Record extracts

┌────────

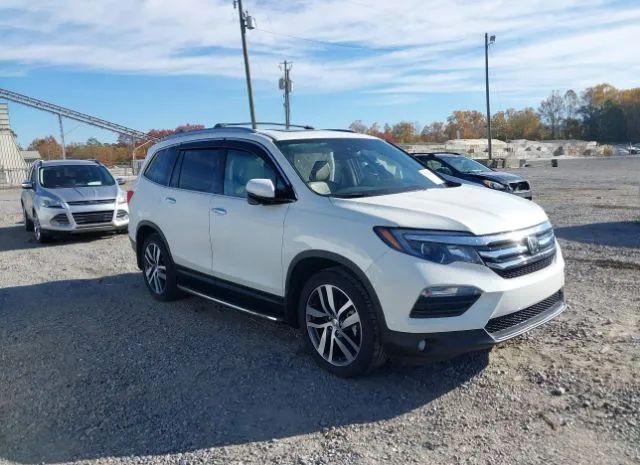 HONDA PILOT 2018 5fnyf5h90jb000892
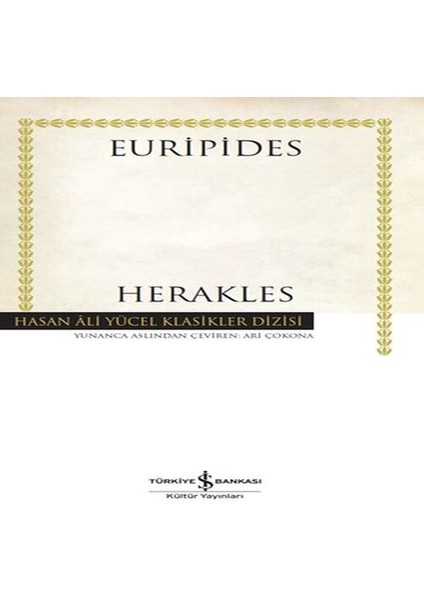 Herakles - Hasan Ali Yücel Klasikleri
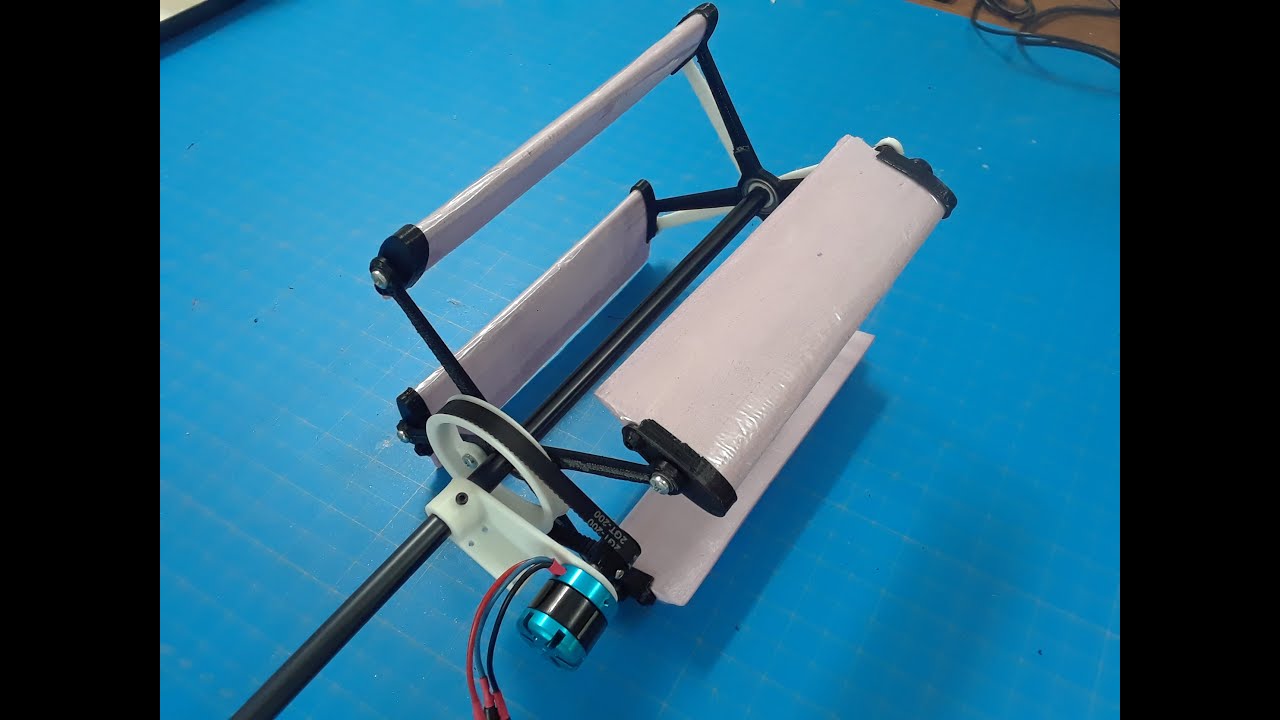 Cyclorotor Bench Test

└────────
┌────────

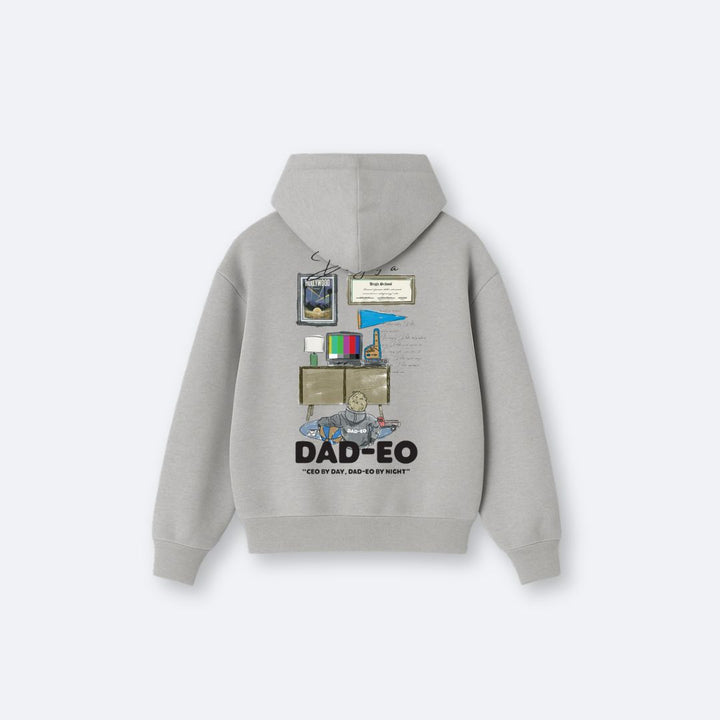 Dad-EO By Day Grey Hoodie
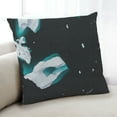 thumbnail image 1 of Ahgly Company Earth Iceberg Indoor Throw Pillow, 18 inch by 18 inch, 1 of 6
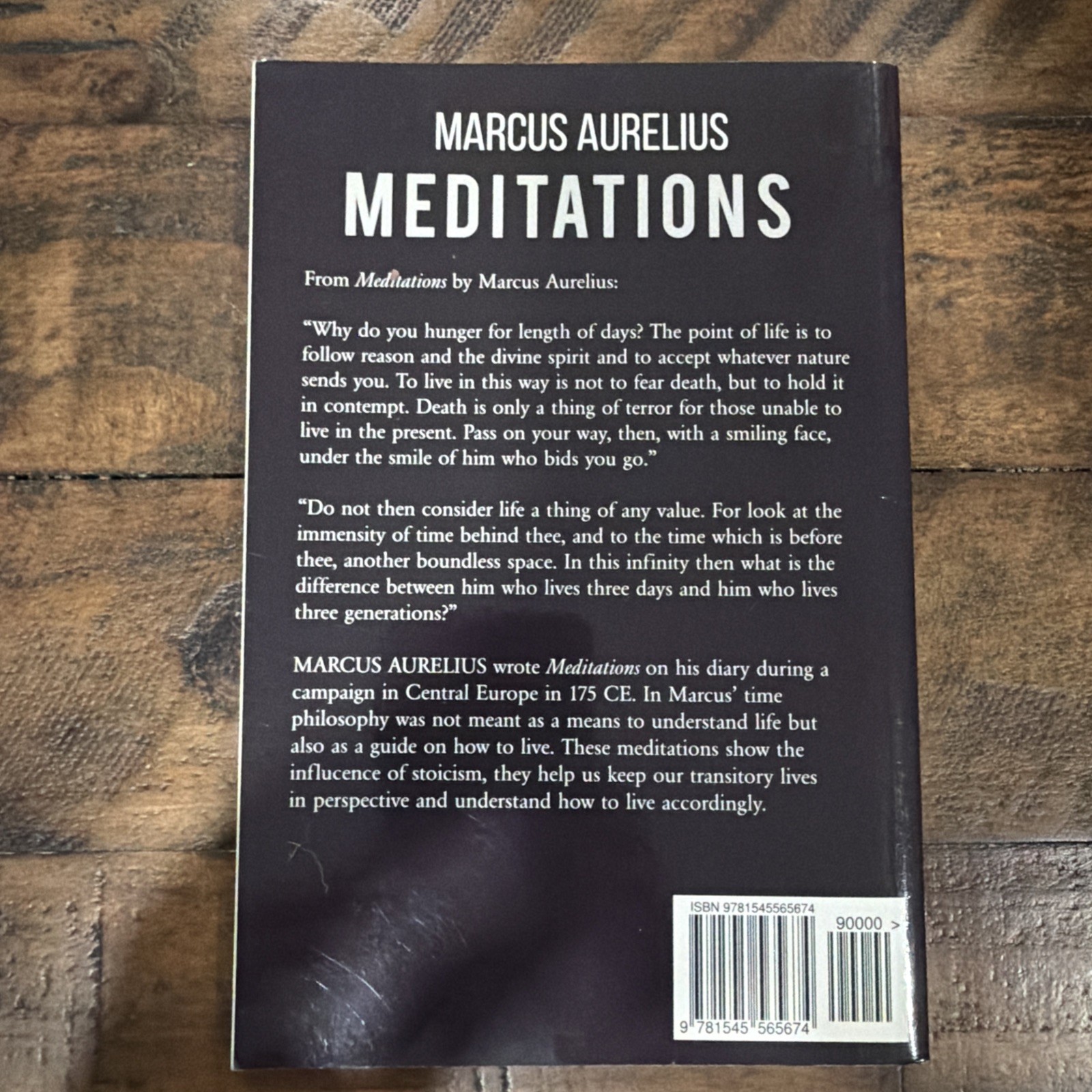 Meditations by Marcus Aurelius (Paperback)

└────────

Exercise
From the records above, extract the lines from the one holding "Dad-EO By Day Grey Hoodie" through the one holding "Meditations by Marcus Aurelius (Paperback)", word for word; omit the pictures.

Output
 Dad-EO By Day Grey Hoodie
 thumbnail image 1 of Ahgly Company Earth Iceberg Indoor Throw Pillow, 18 inch by 18 inch, 1 of 6
 Meditations by Marcus Aurelius (Paperback)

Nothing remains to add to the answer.